Operation Iraqi Freedom has several distinguishing characteristics. First, despite much public sniping to the contrary (mostly by retired Army officers), it is a big operation, with about 250,000 Americans in theater to date, another 25,000 Brits and up to another 100,000 or more U.S. troops on the way. Second, the air war has wisely been highly discriminating, focusing on political and military leadership targets rather than civilian infrastructure or even most fielded forces, in an attempt to decapitate Saddam’s regime rather than take on the whole country. Third, the drive to Baghdad is not a classic armored assault. Major cities and many Iraqi army units are being bypassed; U.S. supply lines are not being guarded as forces race quickly to the capital. While this has had its downside, it has enabled U.S. forces to approach within 50 miles of Baghdad in less than a week’s time. Fourth, the war plan has made excellent use of special forces in seizing oil fields and infrastructure, potential weapons of mass destruction facilities and key facilities such as airfields in the country’s west and north.
These basic characteristics of the allied military strategy may seem obvious and inevitable. They weren’t. Over the last year, there was vigorous debate between Mr. Rumsfeld’s civilian team on the one hand and the uniformed military on the other. Mr.Rumsfeld’s instincts were to go with a small force and a daring, modern battle plan building on the model of Afghanistan. The military’s instincts, especially among Army officers, were to deploy a big enough sledgehammer to crush the entire Iraqi military with brute force. According to Bob Woodward, it took 20 drafts of the battle plan to reconcile these contradictory impulses and produce the final strategy.
In the end, each side got half of what it wanted, and the country got a good war plan. Operation Iraqi Freedom is being fought with the big force the U.S. military wanted and the creative concepts Mr. Rumsfeld desired.
Some now argue that the deployment of only 250,000 Americans reflects a victory for Mr. Rumsfeld, and an effective repudiation of the Powell doctrine’s insistence on overwhelming force that most military professionals still espouse. But, they forget where this debate stood a year ago. Back then, civilians at the Department of Defense were pushing war plans involving just 50,000 to 75,000 U.S. troops. They lost that debate. In fact, our use of 250,000 Americans against 400,000 Iraqi troops actually gives us a more favorable force ratio than the United States possessed in Desert Storm (where we used 550,000 American troops against an Iraqi military of 1 million). Even though our deployed forces are not particularly armor-heavy, the expected fight for Baghdad places a greater premium on mobility, helicopters and infantry forces than on tanks alone, so there is nothing radical about using Marines and the 101st Air Assault Division for the coming battle. Finally, more armor is en route to Iraq just in case, including the 4th Mechanized Infantry Division and other units.
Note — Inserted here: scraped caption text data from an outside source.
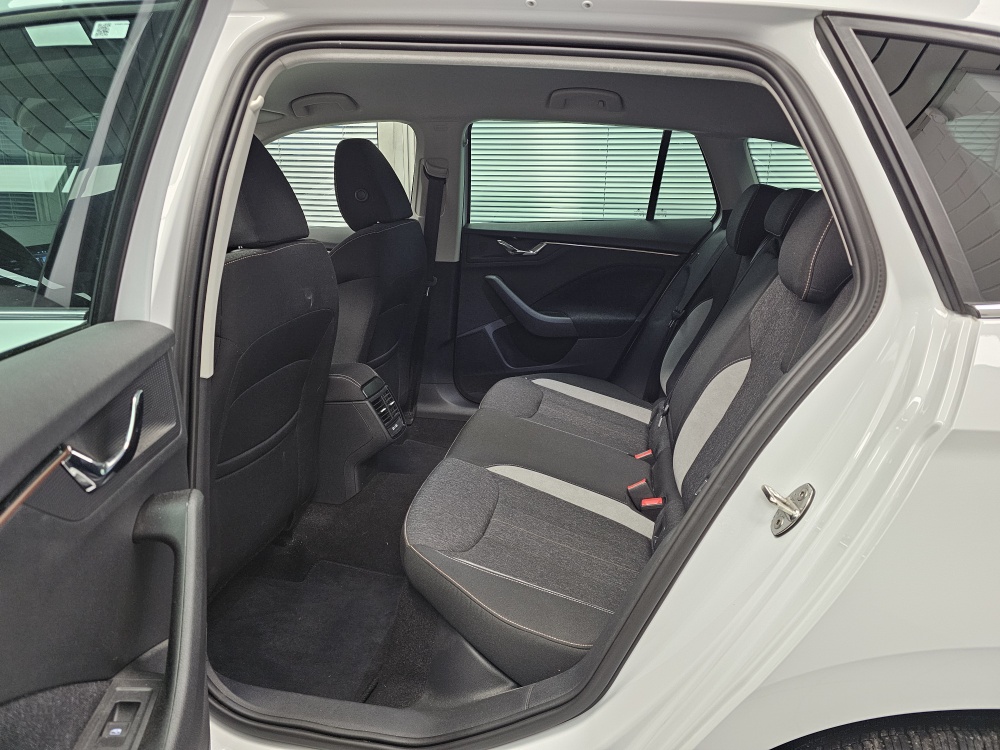 Skoda Scala  bei Hoffmann Automobile in Wolfsburg kaufen und sofort mitnehmen - Bild 5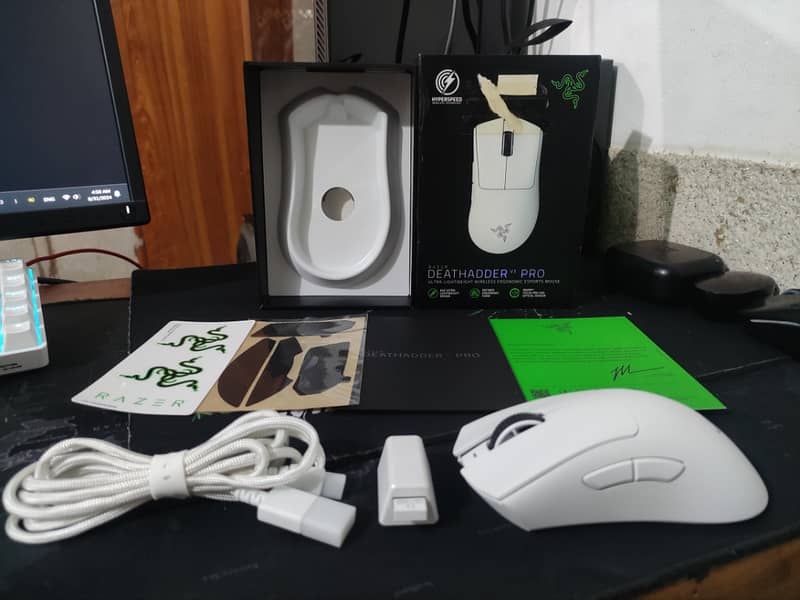 Razer DeathAdder V3 Pro White (Open Box) Wireless RGB Gaming Mouse 2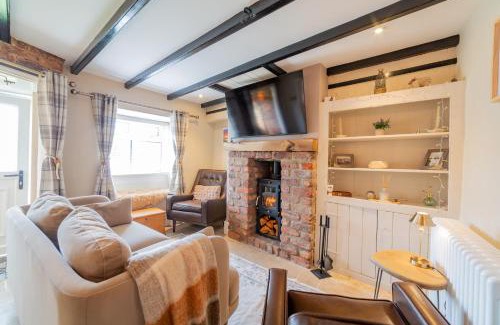 Hunmanby House | Pinfold Cottage, Dog Friendly Yorkshire Coast & Countryside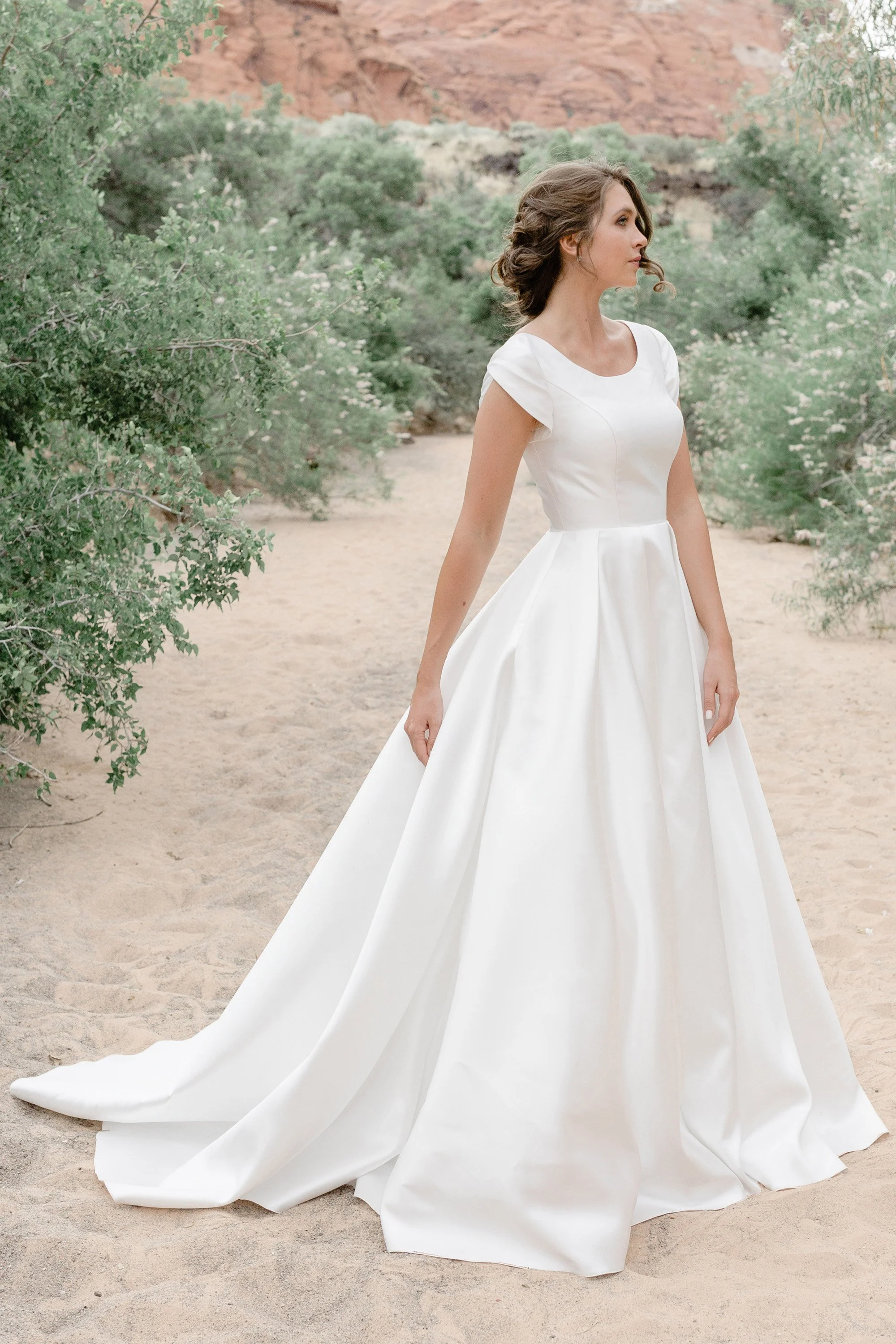 Chicagoland Wedding dresses Skokie Orland Park Mon Cheri modest Bridal Alterations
But, if the military won the debate over the size and character of the force, Mr. Rumsfeld appears to have provided much of the creative spark for the war’s tactics. Focusing the battle on elite Iraqi forces while trying to use a combination of carrots and sticks to induce the capitulation of the regular army, and even elements of the Republican Guard, is a very good idea given Saddam Hussein’s unpopularity within Iraq. Although the shock and awe idea is getting the headlines, it is an old-fashioned idea compared with Mr. Rumsfeld’s discriminating targeting strategy.
Admittedly, this plan for selective attacks has not produced the quick decapitation or collapse of the Iraqi regime that many hoped for. But it is still the right way to go. There is such a premium on avoiding civilian casualties in this war that an all-out air attack on Baghdad would be strategic folly.
There has been much recent discord over whether 250,000 U.S. troops are too few. Perhaps it is; indeed, virtually everyone agrees that we would have wanted the 4th Mechanized Infantry Division to be part of this campaign from the start. Alas, Turkey said no, and President Bush, tired of diplomacy, decided to start the war without waiting for the 4th to re-route itself through Kuwait. But, even if that was a mistake, its military consequences will be limited. While the coalition waits for sandstorms to subside and puts down resistance from Saddam’s Fedayeen irregulars in Basra and other southeastern cities, the 4th is gradually making its way to Kuwait, and the 101st is gradually making its way towards Baghdad. We should soon be in position to win this war decisively.